PHP preg_replace() - Memory Issues. Alternative?

2019-08-09 12:53发布

问题:

In a site I'm working on, im converting strings to slugs using the answer in this question. It works, but I'm finding there are HUGE memory leak issues. I've done some research and found that this is just currently a bug in PHP.

Are there any alternatives to accomplish something like strings to slug?

EDIT:

There's another interesting angle to this problem. I'm re-developing a scraper that was made using regex (ugh, i know), so I decided to use DOMDocument / XPath as a solution.

The interesting thing is, the original regex scrape, also uses the above slugify() function, and there are no memory issues. However, once I setup the DOMDocument scrape, the scrape crashes halfway through and the error is always on the preg_replace() line in the slugify() function above.

So despite both scenarios using the exact same slugify() function, only the DOMDocument version crashes on the preg_replace() line

回答1:

Preg_replace is pretty good for this, but an alternative is to hack them out using http://php.net/manual/en/function.str-replace.php



回答2:

By unsetting the variable, you should be able to free up some memory.
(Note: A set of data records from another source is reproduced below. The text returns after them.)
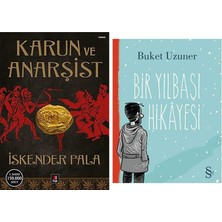 Everest Yayınları Karun ve Anarşist + Bir Yılbaşı Hikayesi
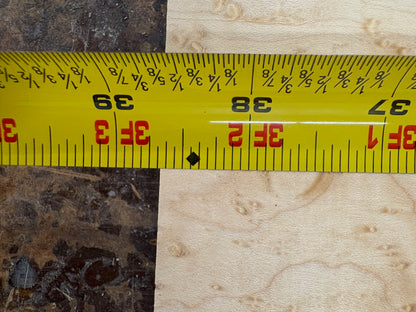 4/4 3 piece set of birdseye maple-44BE1008-$200 Includes Shipping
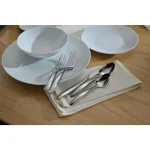 Oneida Glissade 18/0 Stainless Steel Table Forks, European Size (Set of 12) thumbnail 4
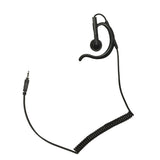 WPBEH-TL Black earhook - small earpiece for iTRQ.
Yes it's dirty but might work

static public function slugify($text) {    
  // replace non letter or digits by -   
  $text2 = preg_replace('~[^\\pL\d]+~u', '-', $text);

  // unset $text to free up space
  unset($text);
  // trim   
  $text2 = trim($text2, '-');

  // transliterate   
  $text2 = iconv('utf-8', 'us-ascii//TRANSLIT', $text2);

  // lowercase
  $text2 = strtolower($text2);

  // remove unwanted characters
  $text = preg_replace('~[^-\w]+~', '', $text2);

  // unset $text2 to free up space
  unset($text2);

  if (empty($text))   {
    return 'n-a';   
  }
  return $text; 
}

https://bugs.php.net/bug.php?id=35258&edit=1

http://www.php.net/manual/en/function.preg-replace.php#84285

Hopefully you find a cleaner solution.



回答3:

I found this bug https://bugs.php.net/bug.php?id=38728 and it says to use the mb_eregi_replace() function insead.

It worked for me.